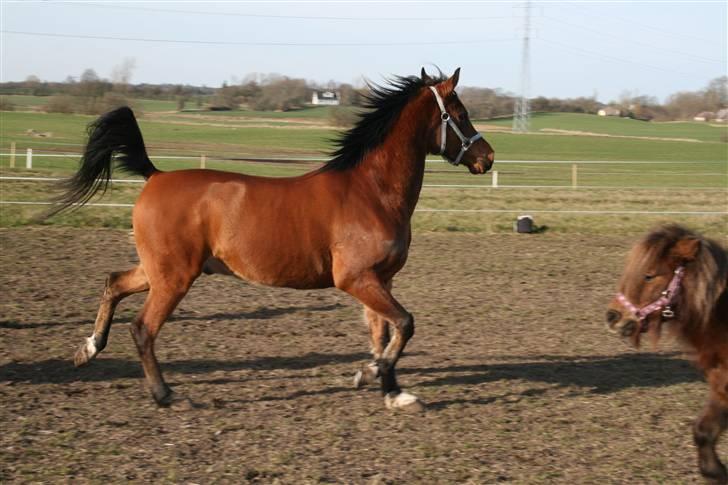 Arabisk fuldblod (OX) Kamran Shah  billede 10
* * *
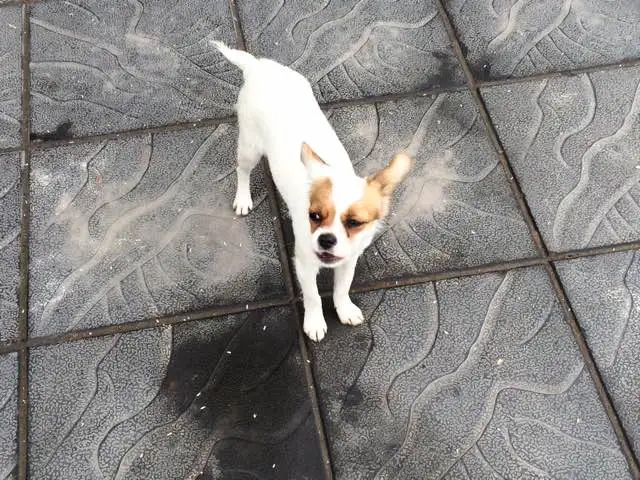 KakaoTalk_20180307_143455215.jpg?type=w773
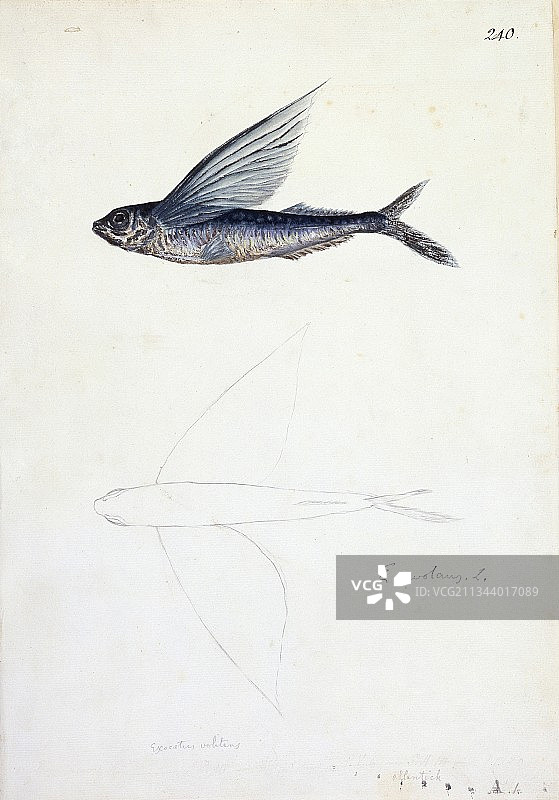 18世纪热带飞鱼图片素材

> _DIRECTIONS FOR THIS TASK_: Would you copy the lines above exactly, starting with the one that has "KakaoTalk_20180307_143455215.jpg?type=w773" and ending with the one that has "18世纪热带飞鱼图片素材", both included, without the pictures?

> _EXERCISE SOLUTION_:
 KakaoTalk_20180307_143455215.jpg?type=w773
 18世纪热带飞鱼图片素材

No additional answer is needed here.